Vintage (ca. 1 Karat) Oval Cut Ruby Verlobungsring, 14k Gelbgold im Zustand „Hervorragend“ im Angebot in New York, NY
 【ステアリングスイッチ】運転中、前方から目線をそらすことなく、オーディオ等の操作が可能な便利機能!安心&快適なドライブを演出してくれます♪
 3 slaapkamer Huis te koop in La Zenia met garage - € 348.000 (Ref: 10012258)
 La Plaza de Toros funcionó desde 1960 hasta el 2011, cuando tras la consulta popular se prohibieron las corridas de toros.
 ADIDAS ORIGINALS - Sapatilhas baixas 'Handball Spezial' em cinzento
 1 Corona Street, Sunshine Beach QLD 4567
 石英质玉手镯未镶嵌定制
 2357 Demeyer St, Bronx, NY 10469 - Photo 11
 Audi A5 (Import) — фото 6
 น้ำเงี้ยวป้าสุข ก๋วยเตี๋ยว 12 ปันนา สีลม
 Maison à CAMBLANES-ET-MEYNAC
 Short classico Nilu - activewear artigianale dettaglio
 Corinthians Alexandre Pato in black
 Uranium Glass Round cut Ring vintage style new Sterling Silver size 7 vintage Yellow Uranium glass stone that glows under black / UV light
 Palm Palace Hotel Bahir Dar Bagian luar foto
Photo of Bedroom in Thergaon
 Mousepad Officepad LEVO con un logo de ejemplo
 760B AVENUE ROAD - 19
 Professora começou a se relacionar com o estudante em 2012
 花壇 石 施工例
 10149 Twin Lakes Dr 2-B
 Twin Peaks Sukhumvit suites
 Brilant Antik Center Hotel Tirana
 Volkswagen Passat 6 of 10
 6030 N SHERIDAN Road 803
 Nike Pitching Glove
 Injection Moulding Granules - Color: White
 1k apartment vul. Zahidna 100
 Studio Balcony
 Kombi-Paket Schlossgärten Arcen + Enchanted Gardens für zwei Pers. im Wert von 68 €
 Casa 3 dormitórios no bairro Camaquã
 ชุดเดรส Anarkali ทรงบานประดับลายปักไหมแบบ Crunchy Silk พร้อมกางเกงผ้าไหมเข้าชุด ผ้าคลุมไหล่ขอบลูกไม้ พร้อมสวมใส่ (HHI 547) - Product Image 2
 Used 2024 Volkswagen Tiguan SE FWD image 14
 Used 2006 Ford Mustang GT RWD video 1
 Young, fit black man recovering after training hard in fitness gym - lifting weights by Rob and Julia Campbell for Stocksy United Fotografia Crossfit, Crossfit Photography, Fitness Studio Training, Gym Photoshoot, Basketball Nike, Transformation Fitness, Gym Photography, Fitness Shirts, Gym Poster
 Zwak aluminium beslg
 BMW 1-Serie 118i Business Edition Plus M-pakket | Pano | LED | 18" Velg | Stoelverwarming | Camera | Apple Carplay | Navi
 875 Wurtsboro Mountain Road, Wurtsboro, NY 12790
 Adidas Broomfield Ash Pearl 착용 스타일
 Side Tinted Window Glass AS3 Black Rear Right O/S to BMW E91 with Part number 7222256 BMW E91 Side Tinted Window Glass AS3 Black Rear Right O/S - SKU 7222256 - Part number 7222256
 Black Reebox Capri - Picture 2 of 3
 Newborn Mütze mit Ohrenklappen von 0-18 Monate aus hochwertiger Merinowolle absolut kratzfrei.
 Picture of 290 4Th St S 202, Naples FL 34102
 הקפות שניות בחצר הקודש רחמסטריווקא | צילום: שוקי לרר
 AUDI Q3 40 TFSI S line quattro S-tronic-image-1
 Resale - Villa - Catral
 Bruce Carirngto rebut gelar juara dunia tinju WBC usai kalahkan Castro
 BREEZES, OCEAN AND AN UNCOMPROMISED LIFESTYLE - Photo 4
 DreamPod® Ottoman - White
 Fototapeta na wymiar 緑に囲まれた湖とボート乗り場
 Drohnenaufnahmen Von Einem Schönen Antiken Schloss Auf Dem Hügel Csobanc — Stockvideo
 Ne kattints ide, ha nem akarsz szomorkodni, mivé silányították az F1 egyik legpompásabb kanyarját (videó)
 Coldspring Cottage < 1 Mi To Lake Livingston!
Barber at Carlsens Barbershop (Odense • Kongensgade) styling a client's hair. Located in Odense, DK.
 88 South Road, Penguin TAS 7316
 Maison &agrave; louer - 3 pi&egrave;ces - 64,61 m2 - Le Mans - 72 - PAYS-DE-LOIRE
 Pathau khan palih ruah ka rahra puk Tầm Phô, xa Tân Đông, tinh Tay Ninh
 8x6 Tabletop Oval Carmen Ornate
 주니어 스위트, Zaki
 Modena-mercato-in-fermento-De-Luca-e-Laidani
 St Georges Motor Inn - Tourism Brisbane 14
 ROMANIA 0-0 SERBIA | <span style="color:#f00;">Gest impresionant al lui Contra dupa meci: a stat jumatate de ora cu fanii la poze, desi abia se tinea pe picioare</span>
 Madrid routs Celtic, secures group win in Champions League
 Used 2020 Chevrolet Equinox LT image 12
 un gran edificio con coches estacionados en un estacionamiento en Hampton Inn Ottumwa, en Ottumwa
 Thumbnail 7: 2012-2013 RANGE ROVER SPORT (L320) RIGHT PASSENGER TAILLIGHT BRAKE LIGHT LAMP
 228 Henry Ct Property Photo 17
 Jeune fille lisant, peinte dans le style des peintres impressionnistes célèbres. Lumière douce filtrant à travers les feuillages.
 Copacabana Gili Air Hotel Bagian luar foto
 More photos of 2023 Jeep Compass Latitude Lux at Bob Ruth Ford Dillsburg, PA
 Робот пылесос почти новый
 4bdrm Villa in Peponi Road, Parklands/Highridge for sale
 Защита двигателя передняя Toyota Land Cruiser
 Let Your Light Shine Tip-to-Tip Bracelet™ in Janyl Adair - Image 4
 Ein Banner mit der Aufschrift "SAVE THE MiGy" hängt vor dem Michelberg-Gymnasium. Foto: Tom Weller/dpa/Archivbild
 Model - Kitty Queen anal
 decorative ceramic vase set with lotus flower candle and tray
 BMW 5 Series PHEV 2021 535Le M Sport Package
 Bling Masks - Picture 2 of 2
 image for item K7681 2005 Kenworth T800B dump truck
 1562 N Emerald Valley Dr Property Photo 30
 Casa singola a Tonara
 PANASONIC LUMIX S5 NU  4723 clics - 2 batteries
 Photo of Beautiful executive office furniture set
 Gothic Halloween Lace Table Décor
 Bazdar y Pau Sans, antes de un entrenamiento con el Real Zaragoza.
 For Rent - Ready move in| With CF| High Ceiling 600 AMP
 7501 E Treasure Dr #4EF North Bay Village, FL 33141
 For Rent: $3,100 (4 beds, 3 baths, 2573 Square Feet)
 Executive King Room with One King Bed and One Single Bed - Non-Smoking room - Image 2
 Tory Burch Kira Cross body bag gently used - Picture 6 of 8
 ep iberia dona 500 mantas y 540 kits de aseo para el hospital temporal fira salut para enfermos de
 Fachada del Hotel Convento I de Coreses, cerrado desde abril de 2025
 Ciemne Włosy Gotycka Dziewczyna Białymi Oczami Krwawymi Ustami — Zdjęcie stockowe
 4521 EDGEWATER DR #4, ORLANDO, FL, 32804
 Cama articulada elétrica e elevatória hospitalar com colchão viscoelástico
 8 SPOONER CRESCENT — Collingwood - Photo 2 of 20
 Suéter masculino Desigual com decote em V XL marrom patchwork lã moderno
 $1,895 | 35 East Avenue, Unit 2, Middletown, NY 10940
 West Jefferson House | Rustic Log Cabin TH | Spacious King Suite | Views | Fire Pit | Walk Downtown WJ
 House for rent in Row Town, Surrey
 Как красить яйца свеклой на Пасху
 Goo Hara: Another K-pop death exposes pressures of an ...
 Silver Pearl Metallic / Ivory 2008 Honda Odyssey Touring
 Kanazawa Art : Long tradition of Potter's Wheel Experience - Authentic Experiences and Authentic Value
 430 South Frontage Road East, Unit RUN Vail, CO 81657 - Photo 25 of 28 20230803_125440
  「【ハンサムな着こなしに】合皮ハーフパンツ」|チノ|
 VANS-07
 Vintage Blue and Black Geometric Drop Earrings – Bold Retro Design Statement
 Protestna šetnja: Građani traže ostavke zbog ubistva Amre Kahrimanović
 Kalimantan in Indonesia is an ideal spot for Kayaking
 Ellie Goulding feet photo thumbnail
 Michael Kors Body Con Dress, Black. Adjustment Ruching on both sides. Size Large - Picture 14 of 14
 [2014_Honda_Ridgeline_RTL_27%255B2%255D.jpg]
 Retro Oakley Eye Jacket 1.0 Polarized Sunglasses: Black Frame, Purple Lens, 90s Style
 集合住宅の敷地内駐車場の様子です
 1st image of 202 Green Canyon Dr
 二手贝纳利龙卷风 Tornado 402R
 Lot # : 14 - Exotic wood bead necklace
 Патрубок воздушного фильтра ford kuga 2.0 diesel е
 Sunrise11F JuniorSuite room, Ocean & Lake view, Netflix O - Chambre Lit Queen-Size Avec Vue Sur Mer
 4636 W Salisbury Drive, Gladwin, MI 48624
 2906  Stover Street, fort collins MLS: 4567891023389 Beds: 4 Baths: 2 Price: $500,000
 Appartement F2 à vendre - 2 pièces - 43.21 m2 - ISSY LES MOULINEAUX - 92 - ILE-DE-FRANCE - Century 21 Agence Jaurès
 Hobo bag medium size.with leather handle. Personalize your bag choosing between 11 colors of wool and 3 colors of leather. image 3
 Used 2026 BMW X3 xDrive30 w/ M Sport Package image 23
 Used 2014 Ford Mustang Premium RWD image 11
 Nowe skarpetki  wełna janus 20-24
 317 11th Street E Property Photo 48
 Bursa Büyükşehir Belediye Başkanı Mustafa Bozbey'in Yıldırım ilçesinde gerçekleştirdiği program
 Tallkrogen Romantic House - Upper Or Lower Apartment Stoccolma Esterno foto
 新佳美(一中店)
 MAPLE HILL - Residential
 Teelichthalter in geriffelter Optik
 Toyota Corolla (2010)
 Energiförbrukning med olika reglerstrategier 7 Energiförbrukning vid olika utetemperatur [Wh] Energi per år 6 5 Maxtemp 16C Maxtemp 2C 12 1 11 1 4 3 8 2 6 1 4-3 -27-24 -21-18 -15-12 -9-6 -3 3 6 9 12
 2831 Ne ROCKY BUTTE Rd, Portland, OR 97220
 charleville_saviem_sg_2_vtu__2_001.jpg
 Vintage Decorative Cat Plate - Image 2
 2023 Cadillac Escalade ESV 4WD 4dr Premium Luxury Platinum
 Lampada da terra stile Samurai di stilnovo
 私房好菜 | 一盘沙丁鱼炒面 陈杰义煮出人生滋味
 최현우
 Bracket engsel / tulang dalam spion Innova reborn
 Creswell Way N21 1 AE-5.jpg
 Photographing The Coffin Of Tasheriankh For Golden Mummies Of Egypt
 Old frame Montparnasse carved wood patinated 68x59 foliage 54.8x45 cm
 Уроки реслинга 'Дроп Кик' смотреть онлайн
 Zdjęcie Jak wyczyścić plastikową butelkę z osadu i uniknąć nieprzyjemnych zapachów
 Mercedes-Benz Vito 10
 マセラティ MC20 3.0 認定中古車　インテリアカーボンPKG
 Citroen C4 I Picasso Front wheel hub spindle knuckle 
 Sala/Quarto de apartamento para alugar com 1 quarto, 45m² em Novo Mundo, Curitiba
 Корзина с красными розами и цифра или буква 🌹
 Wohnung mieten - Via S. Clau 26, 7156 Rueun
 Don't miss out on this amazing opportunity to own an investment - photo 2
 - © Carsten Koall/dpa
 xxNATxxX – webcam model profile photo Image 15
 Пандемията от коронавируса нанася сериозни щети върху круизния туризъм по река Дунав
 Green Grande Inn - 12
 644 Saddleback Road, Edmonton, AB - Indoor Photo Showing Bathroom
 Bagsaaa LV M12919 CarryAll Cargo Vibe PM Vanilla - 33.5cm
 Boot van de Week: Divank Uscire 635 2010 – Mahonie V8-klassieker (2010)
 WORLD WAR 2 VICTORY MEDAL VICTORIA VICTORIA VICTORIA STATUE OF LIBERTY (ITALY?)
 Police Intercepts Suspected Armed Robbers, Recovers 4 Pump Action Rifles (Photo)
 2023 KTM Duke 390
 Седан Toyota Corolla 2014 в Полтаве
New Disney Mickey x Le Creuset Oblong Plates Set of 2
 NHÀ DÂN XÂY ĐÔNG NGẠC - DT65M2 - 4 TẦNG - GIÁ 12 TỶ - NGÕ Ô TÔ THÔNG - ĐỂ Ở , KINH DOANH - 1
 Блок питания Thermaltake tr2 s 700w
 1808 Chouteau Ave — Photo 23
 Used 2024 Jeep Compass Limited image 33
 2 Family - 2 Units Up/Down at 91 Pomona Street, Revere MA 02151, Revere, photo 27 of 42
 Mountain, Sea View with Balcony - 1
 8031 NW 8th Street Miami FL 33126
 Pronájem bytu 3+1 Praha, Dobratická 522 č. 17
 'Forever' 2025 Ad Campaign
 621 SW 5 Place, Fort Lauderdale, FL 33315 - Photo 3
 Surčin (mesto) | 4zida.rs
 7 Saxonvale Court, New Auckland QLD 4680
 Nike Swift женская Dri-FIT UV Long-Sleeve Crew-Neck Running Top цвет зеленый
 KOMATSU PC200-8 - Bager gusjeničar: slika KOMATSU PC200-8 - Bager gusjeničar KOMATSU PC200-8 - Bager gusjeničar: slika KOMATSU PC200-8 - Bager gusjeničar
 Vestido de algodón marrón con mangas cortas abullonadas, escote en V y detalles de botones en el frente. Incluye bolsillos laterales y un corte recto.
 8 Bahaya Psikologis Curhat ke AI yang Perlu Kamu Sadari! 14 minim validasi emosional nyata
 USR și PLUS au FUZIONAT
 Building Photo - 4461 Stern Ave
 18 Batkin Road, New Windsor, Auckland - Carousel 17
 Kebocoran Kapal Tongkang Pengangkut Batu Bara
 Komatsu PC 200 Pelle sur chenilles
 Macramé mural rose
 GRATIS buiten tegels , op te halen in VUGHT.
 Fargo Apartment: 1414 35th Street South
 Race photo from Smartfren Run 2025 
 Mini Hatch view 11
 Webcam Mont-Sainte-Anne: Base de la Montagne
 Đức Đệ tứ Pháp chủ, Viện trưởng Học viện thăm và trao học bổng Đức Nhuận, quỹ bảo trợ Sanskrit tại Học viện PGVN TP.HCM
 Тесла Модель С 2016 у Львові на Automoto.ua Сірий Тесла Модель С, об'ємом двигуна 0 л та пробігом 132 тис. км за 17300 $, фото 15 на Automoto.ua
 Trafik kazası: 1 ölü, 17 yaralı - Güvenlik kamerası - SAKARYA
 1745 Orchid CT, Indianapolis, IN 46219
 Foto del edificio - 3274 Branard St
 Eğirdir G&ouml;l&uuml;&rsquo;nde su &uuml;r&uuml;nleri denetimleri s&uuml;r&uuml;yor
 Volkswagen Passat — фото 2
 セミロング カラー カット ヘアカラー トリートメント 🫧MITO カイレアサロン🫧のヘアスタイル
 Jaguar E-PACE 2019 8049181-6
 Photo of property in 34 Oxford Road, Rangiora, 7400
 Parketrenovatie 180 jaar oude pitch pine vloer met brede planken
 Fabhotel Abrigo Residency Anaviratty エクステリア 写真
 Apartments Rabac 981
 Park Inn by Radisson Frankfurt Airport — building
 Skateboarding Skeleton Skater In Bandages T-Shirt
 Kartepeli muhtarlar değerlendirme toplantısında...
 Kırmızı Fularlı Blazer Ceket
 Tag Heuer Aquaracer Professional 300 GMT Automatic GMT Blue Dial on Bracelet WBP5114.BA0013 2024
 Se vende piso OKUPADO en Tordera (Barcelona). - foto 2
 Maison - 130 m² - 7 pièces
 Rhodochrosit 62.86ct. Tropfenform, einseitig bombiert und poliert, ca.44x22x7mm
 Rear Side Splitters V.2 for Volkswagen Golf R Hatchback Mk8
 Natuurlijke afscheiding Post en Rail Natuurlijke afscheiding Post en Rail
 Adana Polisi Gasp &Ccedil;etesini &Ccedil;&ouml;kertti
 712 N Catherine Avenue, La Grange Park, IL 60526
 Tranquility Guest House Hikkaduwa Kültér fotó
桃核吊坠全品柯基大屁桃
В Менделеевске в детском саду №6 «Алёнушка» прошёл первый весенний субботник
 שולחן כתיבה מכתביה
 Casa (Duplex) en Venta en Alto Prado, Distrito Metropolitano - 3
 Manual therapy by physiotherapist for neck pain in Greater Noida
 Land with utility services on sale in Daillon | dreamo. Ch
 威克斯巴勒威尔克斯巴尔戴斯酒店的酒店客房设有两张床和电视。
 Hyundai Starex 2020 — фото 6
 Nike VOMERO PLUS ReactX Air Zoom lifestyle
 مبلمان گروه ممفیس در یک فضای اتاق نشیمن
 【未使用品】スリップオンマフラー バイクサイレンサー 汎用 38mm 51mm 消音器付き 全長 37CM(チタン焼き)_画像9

* Work order
Take the stretch of lines above from the one containing "Macramé mural rose" through the one containing "Manual therapy by" and repeat it exactly, adding no other line.

* Task solution
 Macramé mural rose
 GRATIS buiten tegels , op te halen in VUGHT.
 Fargo Apartment: 1414 35th Street South
 Race photo from Smartfren Run 2025 
 Mini Hatch view 11
 Webcam Mont-Sainte-Anne: Base de la Montagne
 Đức Đệ tứ Pháp chủ, Viện trưởng Học viện thăm và trao học bổng Đức Nhuận, quỹ bảo trợ Sanskrit tại Học viện PGVN TP.HCM
 Тесла Модель С 2016 у Львові на Automoto.ua Сірий Тесла Модель С, об'ємом двигуна 0 л та пробігом 132 тис. км за 17300 $, фото 15 на Automoto.ua
 Trafik kazası: 1 ölü, 17 yaralı - Güvenlik kamerası - SAKARYA
 1745 Orchid CT, Indianapolis, IN 46219
 Foto del edificio - 3274 Branard St
 Eğirdir G&ouml;l&uuml;&rsquo;nde su &uuml;r&uuml;nleri denetimleri s&uuml;r&uuml;yor
 Volkswagen Passat — фото 2
 セミロング カラー カット ヘアカラー トリートメント 🫧MITO カイレアサロン🫧のヘアスタイル
 Jaguar E-PACE 2019 8049181-6
 Photo of property in 34 Oxford Road, Rangiora, 7400
 Parketrenovatie 180 jaar oude pitch pine vloer met brede planken
 Fabhotel Abrigo Residency Anaviratty エクステリア 写真
 Apartments Rabac 981
 Park Inn by Radisson Frankfurt Airport — building
 Skateboarding Skeleton Skater In Bandages T-Shirt
 Kartepeli muhtarlar değerlendirme toplantısında...
 Kırmızı Fularlı Blazer Ceket
 Tag Heuer Aquaracer Professional 300 GMT Automatic GMT Blue Dial on Bracelet WBP5114.BA0013 2024
 Se vende piso OKUPADO en Tordera (Barcelona). - foto 2
 Maison - 130 m² - 7 pièces
 Rhodochrosit 62.86ct. Tropfenform, einseitig bombiert und poliert, ca.44x22x7mm
 Rear Side Splitters V.2 for Volkswagen Golf R Hatchback Mk8
 Natuurlijke afscheiding Post en Rail Natuurlijke afscheiding Post en Rail
 Adana Polisi Gasp &Ccedil;etesini &Ccedil;&ouml;kertti
 712 N Catherine Avenue, La Grange Park, IL 60526
 Tranquility Guest House Hikkaduwa Kültér fotó
桃核吊坠全品柯基大屁桃
В Менделеевске в детском саду №6 «Алёнушка» прошёл первый весенний субботник
 שולחן כתיבה מכתביה
 Casa (Duplex) en Venta en Alto Prado, Distrito Metropolitano - 3
 Manual therapy by physiotherapist for neck pain in Greater Noida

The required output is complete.